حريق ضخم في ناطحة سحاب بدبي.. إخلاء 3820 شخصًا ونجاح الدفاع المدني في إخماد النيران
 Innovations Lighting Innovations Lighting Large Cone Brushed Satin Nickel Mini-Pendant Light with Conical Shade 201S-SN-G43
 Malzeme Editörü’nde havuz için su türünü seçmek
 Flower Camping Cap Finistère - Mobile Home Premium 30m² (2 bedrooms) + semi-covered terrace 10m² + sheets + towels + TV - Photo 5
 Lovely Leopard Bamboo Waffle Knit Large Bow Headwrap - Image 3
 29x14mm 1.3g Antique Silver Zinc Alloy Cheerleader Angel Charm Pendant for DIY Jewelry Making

■ **Activity**
The required output is the exact run of lines from the one with "Lovely Leopard Bamboo" through the final line of the entries.

■ **Answer section**
 Lovely Leopard Bamboo Waffle Knit Large Bow Headwrap - Image 3
 29x14mm 1.3g Antique Silver Zinc Alloy Cheerleader Angel Charm Pendant for DIY Jewelry Making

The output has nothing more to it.